Thursday, September 27, 2012

Red peppers and other unmentionables


What food do you love now, that you used to hate? 

For me: avocados. Could barely get a piece down when I was little. Stomach to brain, prepare for feedback. Tomatoes. Hated them. Then there were those curried eggs my mother used to make, from Charmaine Solomon's otherwise wonderful The Complete Asian Cookbook. In a rare concession to a fussy eater my mother let me eat, instead...canned sardines. In tomato sauce. I know. Makes no sense. I would willingly eat canned sardines in tomato sauce but not a slow-simmered curry of hard boiled eggs.

And I could not stand peppers.

Now?
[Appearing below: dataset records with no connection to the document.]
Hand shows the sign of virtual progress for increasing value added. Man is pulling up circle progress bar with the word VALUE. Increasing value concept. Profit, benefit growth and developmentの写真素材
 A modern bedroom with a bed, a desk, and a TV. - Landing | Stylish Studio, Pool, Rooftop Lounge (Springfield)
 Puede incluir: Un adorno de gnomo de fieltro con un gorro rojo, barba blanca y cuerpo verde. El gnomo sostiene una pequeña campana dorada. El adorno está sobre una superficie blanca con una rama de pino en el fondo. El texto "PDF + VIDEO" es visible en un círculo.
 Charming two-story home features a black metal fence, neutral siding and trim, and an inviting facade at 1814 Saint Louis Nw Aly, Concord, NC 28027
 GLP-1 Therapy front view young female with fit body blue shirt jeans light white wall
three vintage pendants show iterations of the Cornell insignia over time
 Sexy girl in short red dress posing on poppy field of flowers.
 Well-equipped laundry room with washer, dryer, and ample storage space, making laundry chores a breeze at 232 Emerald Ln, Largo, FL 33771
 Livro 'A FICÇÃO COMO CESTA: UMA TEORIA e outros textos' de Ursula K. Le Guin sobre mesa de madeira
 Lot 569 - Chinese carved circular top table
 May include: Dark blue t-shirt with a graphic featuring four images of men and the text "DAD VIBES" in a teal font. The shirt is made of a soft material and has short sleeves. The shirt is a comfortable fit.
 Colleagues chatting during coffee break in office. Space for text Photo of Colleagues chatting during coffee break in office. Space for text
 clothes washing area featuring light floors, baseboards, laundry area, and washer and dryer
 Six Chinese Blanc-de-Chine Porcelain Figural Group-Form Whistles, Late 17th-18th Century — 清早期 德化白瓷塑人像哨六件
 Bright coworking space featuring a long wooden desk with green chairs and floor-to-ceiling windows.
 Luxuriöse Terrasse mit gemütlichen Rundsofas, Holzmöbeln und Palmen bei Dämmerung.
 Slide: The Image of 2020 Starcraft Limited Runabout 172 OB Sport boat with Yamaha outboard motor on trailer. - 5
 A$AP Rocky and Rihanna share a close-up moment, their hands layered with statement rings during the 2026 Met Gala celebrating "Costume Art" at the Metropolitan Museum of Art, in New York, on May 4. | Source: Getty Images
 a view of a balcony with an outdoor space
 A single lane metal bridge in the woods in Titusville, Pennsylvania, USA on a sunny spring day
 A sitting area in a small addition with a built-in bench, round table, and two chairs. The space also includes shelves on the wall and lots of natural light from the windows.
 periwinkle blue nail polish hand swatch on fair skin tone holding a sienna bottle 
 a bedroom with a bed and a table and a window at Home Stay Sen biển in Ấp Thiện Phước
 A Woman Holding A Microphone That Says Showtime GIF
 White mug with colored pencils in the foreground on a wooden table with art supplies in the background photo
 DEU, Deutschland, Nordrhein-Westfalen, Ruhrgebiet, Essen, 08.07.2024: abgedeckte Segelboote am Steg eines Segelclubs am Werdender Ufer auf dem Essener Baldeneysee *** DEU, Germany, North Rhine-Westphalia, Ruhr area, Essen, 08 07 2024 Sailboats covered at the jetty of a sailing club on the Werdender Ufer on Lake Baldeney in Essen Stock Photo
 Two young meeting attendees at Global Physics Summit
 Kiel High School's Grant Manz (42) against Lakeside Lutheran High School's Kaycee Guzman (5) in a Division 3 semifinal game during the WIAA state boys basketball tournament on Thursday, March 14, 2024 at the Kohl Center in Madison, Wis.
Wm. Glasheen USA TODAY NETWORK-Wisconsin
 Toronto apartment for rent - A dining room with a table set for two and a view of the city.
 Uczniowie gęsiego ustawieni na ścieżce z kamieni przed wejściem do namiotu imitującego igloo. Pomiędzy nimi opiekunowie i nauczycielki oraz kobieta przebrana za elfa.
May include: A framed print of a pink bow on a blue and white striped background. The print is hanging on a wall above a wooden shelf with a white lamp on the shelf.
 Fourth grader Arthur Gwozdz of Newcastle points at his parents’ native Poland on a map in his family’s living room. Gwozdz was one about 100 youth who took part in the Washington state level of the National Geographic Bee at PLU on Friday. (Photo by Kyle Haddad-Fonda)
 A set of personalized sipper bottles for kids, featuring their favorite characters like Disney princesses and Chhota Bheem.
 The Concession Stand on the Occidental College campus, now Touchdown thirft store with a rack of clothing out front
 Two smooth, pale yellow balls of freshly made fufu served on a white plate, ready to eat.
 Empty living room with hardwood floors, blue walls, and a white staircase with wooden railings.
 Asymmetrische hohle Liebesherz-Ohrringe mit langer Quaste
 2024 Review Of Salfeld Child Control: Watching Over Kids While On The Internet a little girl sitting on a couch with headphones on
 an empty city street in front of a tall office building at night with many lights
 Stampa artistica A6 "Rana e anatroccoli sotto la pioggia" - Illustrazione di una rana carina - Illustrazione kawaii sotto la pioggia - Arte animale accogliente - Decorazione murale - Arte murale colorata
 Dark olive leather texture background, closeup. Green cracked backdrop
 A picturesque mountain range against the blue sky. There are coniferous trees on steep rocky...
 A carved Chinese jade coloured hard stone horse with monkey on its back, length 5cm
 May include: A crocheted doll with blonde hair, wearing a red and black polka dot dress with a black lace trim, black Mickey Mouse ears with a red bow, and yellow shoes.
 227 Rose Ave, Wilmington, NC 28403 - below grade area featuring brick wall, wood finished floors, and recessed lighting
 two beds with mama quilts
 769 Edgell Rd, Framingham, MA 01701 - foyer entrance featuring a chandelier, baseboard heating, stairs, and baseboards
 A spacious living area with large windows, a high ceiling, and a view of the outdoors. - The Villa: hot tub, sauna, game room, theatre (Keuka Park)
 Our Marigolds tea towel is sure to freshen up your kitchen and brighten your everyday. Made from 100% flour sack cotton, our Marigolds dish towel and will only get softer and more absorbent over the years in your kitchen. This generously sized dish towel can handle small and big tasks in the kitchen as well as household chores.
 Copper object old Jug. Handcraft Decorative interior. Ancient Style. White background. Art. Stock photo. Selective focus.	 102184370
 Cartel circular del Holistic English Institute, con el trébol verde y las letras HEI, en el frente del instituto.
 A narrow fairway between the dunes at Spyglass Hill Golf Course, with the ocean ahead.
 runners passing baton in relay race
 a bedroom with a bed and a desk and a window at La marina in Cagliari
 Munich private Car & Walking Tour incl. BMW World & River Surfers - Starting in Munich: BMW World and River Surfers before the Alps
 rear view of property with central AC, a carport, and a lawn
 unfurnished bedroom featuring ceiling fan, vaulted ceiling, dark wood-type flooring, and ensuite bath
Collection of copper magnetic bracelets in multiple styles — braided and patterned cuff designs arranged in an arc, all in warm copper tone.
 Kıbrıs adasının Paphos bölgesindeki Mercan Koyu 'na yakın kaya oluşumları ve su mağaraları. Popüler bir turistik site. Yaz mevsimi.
I love avocado. It has been the most superb summer of tomatoes, ever. And I lap up peppers (recipe next door).

But those curried eggs - I think I'd rather eat Estorbo's pellets [if you want to know why the cat is wearing clothes in the link, it's a very long story about feline OCD.]

As for the sardines...

20 comments:

  1. I love avocado, but must have kosher salt.
    I love sardines, cause I never had them as a kid.....drizzle w/ balsamic syrup.
    I love tomatoes, but only Jersey, in season.

    I HATED Brussels sprouts as a kid, would gag on the boiled little cabbages.
    Now is my FAVORITE veg, roasted, pan fried or raw!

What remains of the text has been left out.